— Goal of the exercise —
Repeat word for word the opening stretch of the entries, from the first line through the line containing "Batteria esterna Power".

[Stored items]
= Beginning of Section =

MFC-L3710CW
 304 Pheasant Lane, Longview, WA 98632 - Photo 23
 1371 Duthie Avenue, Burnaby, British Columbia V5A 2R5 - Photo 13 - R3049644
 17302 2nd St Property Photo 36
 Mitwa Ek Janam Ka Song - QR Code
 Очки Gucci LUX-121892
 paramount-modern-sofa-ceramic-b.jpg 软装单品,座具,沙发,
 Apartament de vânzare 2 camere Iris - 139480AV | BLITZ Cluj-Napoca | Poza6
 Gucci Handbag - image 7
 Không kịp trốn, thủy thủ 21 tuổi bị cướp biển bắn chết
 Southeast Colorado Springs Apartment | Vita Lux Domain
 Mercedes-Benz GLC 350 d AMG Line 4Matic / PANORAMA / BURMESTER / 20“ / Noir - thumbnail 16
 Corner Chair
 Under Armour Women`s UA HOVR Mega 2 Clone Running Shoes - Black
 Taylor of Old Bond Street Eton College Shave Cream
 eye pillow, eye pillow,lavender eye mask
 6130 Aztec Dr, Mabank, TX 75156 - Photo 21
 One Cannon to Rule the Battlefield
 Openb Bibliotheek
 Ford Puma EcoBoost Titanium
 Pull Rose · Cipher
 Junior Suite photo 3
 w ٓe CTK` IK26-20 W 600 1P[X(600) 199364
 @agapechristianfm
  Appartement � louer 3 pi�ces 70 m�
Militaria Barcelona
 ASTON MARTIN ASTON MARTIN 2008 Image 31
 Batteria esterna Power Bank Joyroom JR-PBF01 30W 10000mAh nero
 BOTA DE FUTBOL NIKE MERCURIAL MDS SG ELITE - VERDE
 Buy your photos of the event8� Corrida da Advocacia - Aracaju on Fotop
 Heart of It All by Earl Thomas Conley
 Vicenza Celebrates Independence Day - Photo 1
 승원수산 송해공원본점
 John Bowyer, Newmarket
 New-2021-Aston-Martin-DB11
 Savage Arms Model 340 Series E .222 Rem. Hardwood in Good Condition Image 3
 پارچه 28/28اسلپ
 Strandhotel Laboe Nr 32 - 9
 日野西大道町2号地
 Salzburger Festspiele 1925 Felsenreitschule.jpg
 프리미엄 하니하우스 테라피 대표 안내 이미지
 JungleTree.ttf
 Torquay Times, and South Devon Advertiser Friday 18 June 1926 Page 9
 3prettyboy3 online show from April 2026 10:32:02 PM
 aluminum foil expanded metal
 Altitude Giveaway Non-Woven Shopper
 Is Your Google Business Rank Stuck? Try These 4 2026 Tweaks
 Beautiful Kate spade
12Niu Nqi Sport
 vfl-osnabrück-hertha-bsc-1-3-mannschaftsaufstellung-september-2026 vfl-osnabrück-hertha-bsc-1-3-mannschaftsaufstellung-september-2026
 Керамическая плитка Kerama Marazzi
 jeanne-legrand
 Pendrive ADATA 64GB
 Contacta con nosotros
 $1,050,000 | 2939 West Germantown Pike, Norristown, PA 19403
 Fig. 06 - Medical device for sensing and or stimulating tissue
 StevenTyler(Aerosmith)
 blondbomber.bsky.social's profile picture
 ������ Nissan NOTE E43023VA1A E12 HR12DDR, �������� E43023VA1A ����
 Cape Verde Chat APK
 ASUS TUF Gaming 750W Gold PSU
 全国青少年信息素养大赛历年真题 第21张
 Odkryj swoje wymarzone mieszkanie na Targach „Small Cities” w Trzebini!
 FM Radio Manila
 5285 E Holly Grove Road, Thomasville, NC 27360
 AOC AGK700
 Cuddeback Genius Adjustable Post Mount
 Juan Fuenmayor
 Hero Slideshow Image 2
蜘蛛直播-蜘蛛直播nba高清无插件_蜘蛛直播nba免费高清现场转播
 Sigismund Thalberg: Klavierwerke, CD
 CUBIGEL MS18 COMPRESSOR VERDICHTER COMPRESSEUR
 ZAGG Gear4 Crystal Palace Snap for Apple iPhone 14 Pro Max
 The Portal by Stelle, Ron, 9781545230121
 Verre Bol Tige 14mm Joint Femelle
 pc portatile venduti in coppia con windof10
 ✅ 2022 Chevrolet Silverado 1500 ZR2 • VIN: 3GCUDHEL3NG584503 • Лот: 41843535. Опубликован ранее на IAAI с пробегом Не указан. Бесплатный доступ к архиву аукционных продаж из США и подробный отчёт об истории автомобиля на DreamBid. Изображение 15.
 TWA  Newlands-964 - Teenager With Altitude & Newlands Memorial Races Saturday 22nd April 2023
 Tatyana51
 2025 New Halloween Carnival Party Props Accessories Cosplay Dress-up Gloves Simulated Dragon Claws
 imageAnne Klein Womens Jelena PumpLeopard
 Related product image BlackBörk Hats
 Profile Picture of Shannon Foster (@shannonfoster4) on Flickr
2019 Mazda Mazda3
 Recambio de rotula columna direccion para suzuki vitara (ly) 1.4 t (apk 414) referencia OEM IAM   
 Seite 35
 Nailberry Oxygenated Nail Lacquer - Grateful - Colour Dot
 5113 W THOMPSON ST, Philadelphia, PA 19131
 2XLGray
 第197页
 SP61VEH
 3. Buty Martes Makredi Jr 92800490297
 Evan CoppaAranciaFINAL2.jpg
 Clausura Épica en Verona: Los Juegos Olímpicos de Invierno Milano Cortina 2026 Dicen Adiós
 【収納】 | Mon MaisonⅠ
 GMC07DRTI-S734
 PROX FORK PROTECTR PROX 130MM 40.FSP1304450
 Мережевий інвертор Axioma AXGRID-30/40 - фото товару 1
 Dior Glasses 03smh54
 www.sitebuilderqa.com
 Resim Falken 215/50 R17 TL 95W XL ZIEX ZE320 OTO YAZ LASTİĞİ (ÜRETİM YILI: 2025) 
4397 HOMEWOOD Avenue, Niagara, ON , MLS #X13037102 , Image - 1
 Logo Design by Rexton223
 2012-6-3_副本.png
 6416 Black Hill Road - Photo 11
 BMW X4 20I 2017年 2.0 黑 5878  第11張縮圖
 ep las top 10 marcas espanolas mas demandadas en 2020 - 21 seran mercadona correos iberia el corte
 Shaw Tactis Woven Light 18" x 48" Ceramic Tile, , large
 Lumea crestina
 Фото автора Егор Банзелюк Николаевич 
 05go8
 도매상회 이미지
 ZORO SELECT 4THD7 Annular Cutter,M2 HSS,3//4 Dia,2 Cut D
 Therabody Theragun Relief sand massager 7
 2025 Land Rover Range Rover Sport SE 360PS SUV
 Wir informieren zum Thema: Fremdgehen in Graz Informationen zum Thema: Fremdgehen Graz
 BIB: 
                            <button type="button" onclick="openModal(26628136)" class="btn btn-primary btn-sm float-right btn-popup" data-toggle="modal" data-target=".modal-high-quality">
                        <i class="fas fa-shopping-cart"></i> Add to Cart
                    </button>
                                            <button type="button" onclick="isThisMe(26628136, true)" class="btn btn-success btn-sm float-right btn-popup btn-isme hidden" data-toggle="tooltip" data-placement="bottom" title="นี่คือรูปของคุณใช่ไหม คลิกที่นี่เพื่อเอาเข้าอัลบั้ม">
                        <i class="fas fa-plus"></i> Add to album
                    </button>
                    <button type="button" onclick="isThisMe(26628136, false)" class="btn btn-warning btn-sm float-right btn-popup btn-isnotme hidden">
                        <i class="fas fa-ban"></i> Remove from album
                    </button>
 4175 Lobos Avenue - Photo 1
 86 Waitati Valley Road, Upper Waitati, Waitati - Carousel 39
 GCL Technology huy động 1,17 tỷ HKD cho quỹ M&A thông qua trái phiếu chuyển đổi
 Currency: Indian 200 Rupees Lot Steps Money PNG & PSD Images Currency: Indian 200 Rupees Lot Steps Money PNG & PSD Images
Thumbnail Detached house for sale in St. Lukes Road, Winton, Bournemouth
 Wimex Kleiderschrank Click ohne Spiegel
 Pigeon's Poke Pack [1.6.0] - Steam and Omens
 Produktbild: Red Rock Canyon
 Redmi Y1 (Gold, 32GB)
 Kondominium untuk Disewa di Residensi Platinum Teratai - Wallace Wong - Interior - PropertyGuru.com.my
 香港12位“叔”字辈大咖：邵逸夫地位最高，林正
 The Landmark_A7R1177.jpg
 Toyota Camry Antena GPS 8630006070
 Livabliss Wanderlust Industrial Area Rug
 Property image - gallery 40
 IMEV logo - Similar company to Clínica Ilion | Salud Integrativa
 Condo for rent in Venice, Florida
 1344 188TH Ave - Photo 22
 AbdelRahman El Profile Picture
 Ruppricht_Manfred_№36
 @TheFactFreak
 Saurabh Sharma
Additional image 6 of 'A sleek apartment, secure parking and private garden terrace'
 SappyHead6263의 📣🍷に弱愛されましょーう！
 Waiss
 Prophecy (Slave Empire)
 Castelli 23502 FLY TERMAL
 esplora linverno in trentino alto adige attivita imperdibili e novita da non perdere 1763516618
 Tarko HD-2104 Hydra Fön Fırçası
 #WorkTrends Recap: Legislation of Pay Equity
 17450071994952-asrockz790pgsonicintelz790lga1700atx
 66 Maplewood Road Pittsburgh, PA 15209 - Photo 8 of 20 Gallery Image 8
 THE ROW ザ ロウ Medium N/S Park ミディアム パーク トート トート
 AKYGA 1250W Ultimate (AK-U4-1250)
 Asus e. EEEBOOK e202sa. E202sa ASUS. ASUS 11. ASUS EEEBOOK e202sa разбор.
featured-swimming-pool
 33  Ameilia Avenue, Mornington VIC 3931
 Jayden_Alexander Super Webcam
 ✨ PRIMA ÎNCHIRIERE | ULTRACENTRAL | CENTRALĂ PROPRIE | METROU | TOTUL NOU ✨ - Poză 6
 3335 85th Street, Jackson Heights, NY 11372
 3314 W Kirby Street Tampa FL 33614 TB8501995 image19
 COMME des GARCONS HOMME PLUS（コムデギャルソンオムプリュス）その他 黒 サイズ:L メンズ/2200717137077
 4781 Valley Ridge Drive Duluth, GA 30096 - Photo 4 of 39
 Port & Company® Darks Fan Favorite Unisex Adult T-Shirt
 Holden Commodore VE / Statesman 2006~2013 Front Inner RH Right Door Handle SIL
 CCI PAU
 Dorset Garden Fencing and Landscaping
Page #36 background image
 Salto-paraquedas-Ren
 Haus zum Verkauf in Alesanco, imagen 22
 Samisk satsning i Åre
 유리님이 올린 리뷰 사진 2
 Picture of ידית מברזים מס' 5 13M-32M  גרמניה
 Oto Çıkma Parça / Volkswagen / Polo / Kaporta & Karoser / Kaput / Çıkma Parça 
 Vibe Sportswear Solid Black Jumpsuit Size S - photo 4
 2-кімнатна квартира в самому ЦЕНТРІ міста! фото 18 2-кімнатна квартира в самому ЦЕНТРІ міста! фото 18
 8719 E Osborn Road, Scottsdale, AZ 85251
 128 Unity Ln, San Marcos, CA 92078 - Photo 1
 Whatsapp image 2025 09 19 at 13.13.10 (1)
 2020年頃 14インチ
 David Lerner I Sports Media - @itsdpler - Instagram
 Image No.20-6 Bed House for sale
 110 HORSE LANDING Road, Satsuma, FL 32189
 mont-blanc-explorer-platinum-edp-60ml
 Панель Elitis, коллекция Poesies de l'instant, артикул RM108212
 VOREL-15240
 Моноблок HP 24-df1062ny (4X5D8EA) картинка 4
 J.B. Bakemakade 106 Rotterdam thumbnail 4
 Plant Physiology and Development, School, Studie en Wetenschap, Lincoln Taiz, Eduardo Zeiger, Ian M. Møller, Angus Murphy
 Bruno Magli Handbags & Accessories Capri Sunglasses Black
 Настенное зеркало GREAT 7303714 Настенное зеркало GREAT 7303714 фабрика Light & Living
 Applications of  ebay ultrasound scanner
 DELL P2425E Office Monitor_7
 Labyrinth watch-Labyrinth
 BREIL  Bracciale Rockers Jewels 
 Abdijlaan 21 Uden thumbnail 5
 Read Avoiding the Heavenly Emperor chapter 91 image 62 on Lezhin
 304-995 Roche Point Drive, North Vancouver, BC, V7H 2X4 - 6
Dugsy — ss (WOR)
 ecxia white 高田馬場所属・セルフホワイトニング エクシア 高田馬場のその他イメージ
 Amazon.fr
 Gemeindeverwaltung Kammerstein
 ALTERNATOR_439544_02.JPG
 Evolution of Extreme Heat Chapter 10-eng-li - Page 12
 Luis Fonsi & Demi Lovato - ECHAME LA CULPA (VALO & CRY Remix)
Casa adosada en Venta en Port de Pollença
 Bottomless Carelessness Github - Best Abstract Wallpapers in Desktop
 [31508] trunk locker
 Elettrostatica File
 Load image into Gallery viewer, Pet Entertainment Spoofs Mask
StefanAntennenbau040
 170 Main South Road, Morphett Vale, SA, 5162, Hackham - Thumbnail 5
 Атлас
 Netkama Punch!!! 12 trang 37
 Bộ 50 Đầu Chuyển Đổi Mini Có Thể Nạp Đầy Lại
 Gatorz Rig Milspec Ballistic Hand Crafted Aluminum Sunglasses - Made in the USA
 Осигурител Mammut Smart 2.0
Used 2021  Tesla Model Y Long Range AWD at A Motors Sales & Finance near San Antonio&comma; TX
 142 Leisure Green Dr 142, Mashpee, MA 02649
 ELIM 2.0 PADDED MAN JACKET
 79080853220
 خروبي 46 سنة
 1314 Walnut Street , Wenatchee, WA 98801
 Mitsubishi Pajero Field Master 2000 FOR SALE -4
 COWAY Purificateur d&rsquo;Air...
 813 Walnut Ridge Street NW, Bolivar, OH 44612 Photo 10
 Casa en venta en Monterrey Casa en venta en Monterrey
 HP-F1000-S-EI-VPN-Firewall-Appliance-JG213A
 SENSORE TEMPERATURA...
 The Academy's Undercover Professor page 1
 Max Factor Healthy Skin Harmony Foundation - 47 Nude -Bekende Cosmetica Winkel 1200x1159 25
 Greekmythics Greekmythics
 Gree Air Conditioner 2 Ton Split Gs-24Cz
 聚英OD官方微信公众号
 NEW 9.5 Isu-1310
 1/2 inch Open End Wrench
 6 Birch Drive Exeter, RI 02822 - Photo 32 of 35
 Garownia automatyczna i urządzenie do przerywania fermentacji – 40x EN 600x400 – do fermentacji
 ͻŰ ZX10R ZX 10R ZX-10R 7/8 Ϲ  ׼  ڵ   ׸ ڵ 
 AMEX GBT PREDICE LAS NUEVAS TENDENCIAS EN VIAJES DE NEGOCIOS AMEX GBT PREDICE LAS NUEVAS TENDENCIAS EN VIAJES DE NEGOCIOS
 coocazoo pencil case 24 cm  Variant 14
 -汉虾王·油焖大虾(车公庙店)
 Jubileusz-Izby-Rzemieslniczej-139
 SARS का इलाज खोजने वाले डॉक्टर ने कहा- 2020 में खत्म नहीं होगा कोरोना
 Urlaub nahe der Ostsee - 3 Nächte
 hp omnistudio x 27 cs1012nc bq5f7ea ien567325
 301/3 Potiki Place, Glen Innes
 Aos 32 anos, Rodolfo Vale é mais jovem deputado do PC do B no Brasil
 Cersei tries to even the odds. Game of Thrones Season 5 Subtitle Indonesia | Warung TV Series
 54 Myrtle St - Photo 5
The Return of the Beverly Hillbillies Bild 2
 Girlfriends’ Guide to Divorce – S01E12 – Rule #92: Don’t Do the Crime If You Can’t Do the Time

= End of Section =

— Exercise result —
MFC-L3710CW
 304 Pheasant Lane, Longview, WA 98632 - Photo 23
 1371 Duthie Avenue, Burnaby, British Columbia V5A 2R5 - Photo 13 - R3049644
 17302 2nd St Property Photo 36
 Mitwa Ek Janam Ka Song - QR Code
 Очки Gucci LUX-121892
 paramount-modern-sofa-ceramic-b.jpg 软装单品,座具,沙发,
 Apartament de vânzare 2 camere Iris - 139480AV | BLITZ Cluj-Napoca | Poza6
 Gucci Handbag - image 7
 Không kịp trốn, thủy thủ 21 tuổi bị cướp biển bắn chết
 Southeast Colorado Springs Apartment | Vita Lux Domain
 Mercedes-Benz GLC 350 d AMG Line 4Matic / PANORAMA / BURMESTER / 20“ / Noir - thumbnail 16
 Corner Chair
 Under Armour Women`s UA HOVR Mega 2 Clone Running Shoes - Black
 Taylor of Old Bond Street Eton College Shave Cream
 eye pillow, eye pillow,lavender eye mask
 6130 Aztec Dr, Mabank, TX 75156 - Photo 21
 One Cannon to Rule the Battlefield
 Openb Bibliotheek
 Ford Puma EcoBoost Titanium
 Pull Rose · Cipher
 Junior Suite photo 3
 w ٓe CTK` IK26-20 W 600 1P[X(600) 199364
 @agapechristianfm
  Appartement � louer 3 pi�ces 70 m�
Militaria Barcelona
 ASTON MARTIN ASTON MARTIN 2008 Image 31
 Batteria esterna Power Bank Joyroom JR-PBF01 30W 10000mAh nero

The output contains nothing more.